On a GNU system, you'll find the core collating rules defined in the /usr/share/i18n/locales/iso14651_t1_common (the path may vary with the distribution). In there, you'll see:

ifdef UPPERCASE_FIRST
<CAP>
else
<MIN>
endif
[...]
ifdef UPPERCASE_FIRST
[...]
<MIN> # 10
[...]
else
[...]
<CAP> # 9
[...]
endif

[...]
order_start <SPECIAL>;forward;backward;forward;forward,position
<U0020> IGNORE;IGNORE;IGNORE;<U0020> # 32 <SP>
[...]
<U003E> IGNORE;IGNORE;IGNORE;<h> # 140 >
[...]
ifdef DIACRIT_FORWARD
order_start <LATIN>;forward;forward;forward;forward,position
else
order_start <LATIN>;forward;backward;forward;forward,position
endif
[...]
<U0065> <e>;<BAS>;<MIN>;IGNORE # 259 e
<U00E9> <e>;<ACA>;<MIN>;IGNORE # 260 é
[...]
<U0045> <e>;<BAS>;<CAP>;IGNORE # 577 E
<U00C9> <e>;<ACA>;<CAP>;IGNORE # 578 É

Which illustrate what we've just said. Both space and > have their first 3 weights set to IGNORE. It's only for strings sorting the same for the first 3 weights that their relative order will be considered (> before space as that <h> would list before the unspecified collating symbol <U0020>).

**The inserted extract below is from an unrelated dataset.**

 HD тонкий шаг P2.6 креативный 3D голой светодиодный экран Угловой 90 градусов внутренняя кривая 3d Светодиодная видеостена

In locales that define UPPERCASE_FIRST (like /usr/share/i18n/locales/tr_TR), upper case letters will come first (in the 3rd pass). Same with DIACRIT_FORWARD where some locales like de_DE can decide to reverse the order of diacritics for the 2nd pass.

> and >> sort the same in the 1st, 2nd and 3rd pass. In the 4th, > sorts before >> as the empty string sorts before everything.

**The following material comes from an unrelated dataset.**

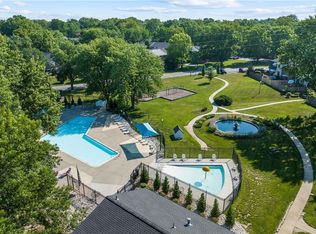 8560 W 85th St, Overland Park, KS 66212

>>b sorts after b because they sort the same in the first 3 passes, but in the fourth pass, b is IGNORE, so > is greater. It's less than c in the first pass (> ignored, and b before c)... You get the idea.

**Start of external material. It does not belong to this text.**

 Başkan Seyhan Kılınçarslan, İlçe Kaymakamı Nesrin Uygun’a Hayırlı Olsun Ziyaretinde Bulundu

Now, if you look at the C locale definition. It's a lot simpler. There's only one weight, and the weight is based on the codepoint value from U+0000 to U+10FFFF. So SPC (U+0020) sorts before > (U+003E), which sorts before b (U+0062) which sorts before c (U+0063). No character is ever ignored.

Note that with the GNU libc at least, that order defined in the C locale definition file is ignored when it comes to comparison functions (strcoll() and co. as used by sort). Regardless of the value of LC_CTYPE, with LC_COLLATE=C, strcoll() is equivalent to strcmp(). As in the comparison is always on the byte value, even if those bytes correspond to characters whose unicode codepoint sort the other way round (like 0xA4 U+20AC EURO SIGN vs A5 U+00A5 YEN SIGN in the ISO-8859-15 charset), so LC_ALL=C sort and LC_COLLATE=C sort (provided LC_ALL is not otherwise set) will have the same effect there.